Work to be completed — What is needed is an exact copy of every line from the one with "新苏教版六年级数学下册二单元达标试卷" to the end of the entries below, without the pictures.

Data to examine —
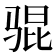 𫘥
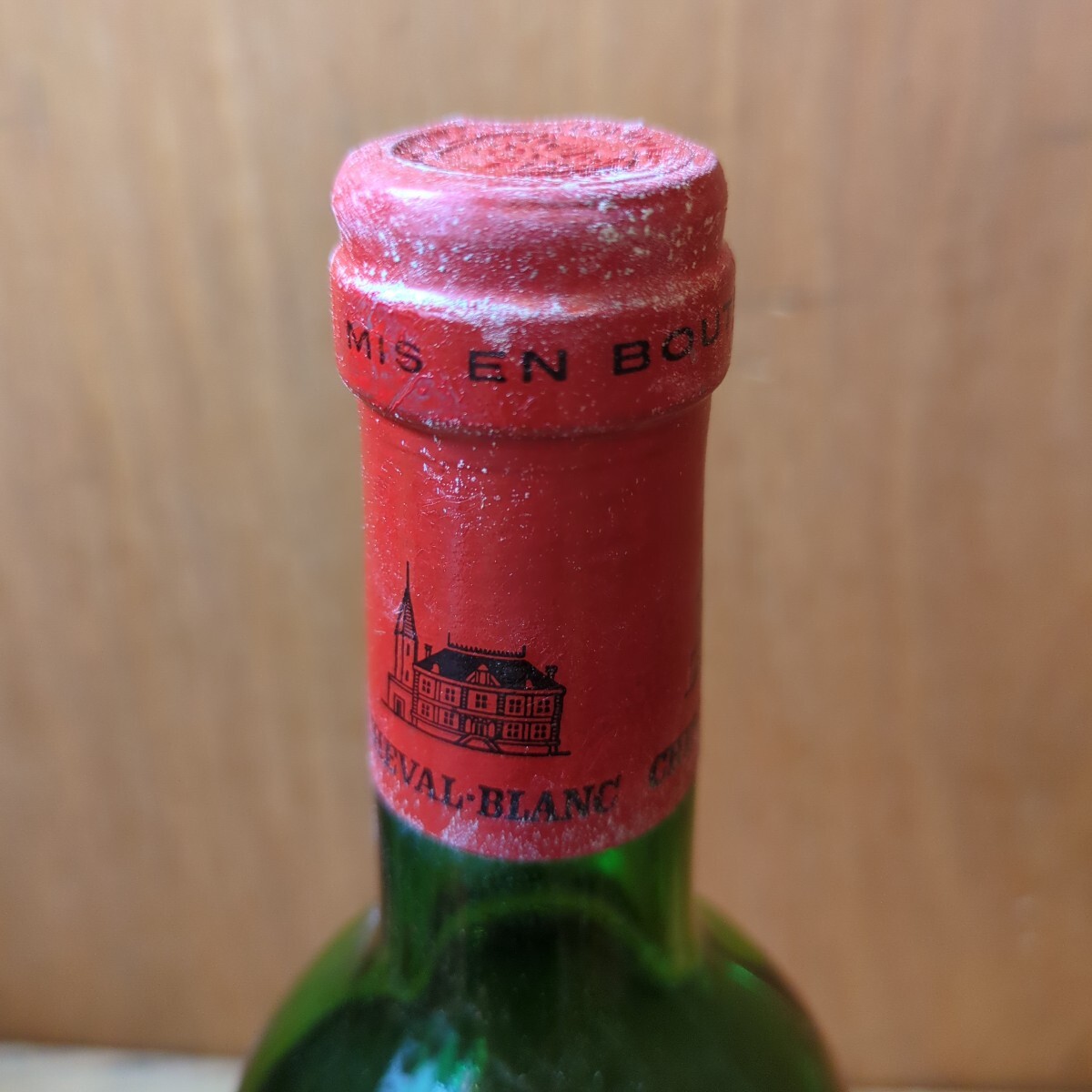 1円~CHATEAU CHEVAL BLANC(シャトー シュヴァル ブラン 1円~CHATEAU CHEVAL BLANC(シャトー シュヴァル ブラン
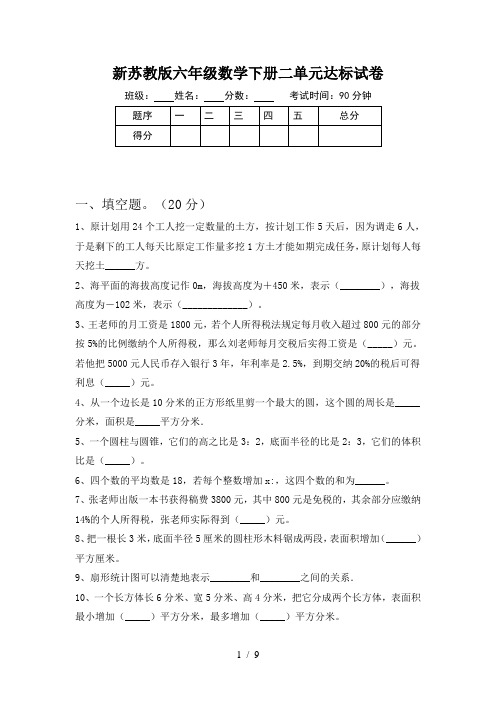 新苏教版六年级数学下册二单元达标试卷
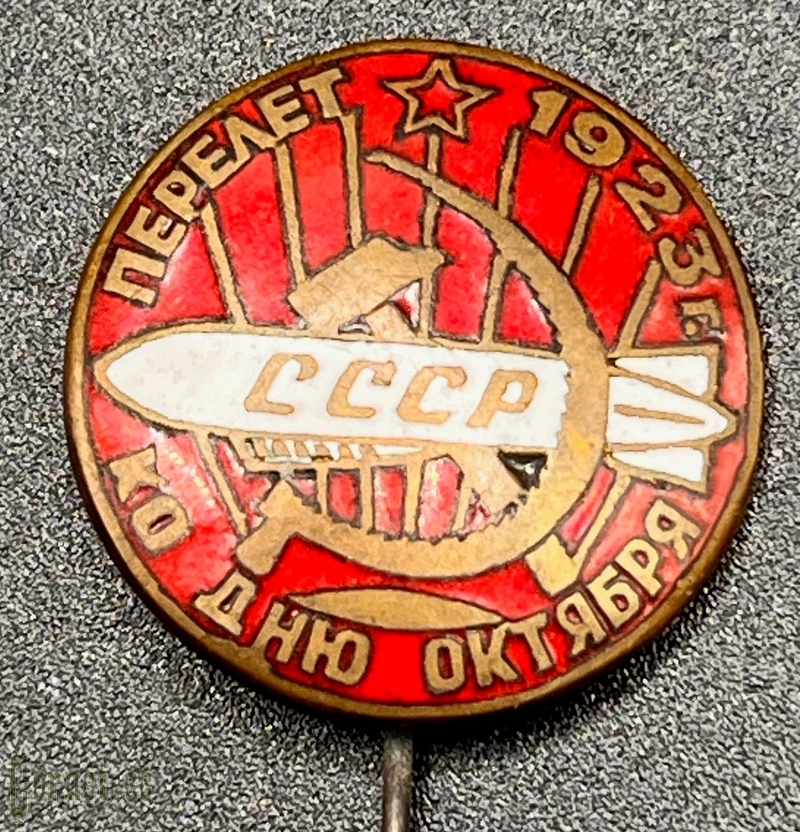 The pin "Flight to October day, 1923"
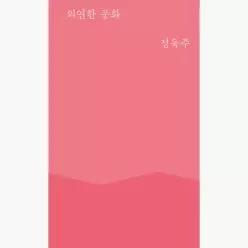 의연한 풍화 - 정욱주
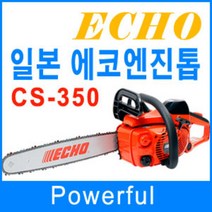 에코 CS350WES 엔진톱 16인치 35.8cc 엔진톱날 가이드바포함 일본산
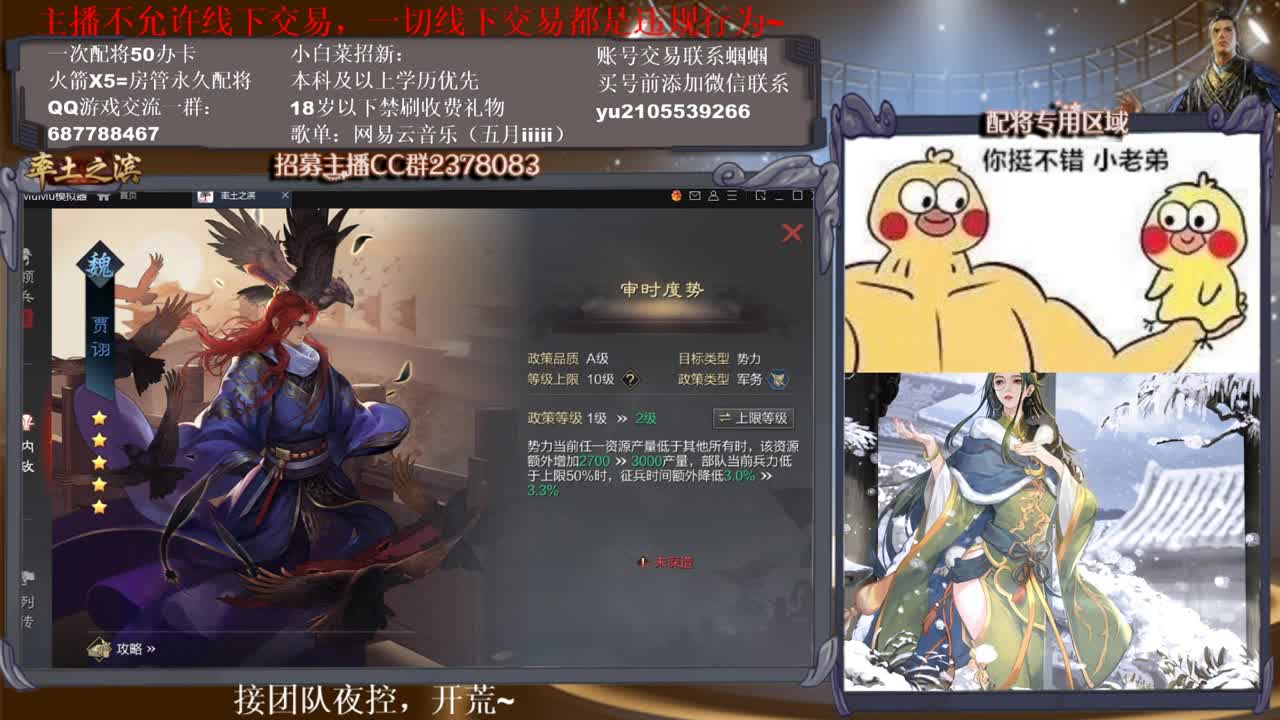 官方解说五月在线答疑解惑 有问必答~ 第1段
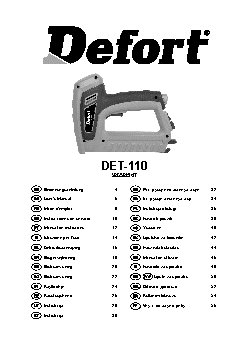 DEFORT DET-110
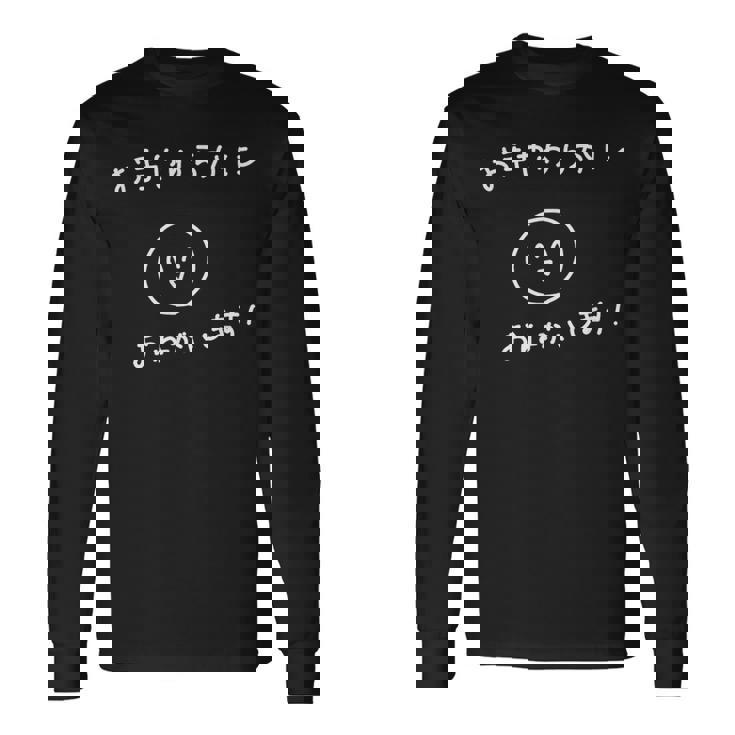 おもしろお手やわらかにおねがいします！ 長袖Tシャツ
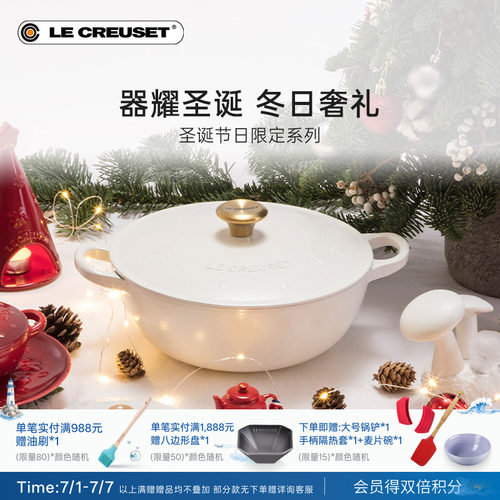 法国珐琅圣诞系列款铸铁锅酷彩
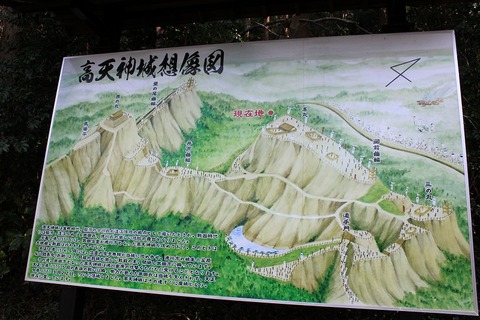 静岡遠征 (80)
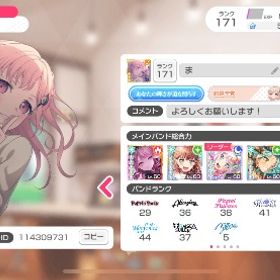 星5×27 星4×109 課金垢 | バンドリ！ガールズバンドパーティ(ガルパ)のアカウントデータ、RMTの販売・買取一覧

Exercise answer —
 新苏教版六年级数学下册二单元达标试卷
 The pin "Flight to October day, 1923"
 의연한 풍화 - 정욱주
 에코 CS350WES 엔진톱 16인치 35.8cc 엔진톱날 가이드바포함 일본산
 官方解说五月在线答疑解惑 有问必答~ 第1段
 DEFORT DET-110
 おもしろお手やわらかにおねがいします！ 長袖Tシャツ
 法国珐琅圣诞系列款铸铁锅酷彩
 静岡遠征 (80)
 星5×27 星4×109 課金垢 | バンドリ！ガールズバンドパーティ(ガルパ)のアカウントデータ、RMTの販売・買取一覧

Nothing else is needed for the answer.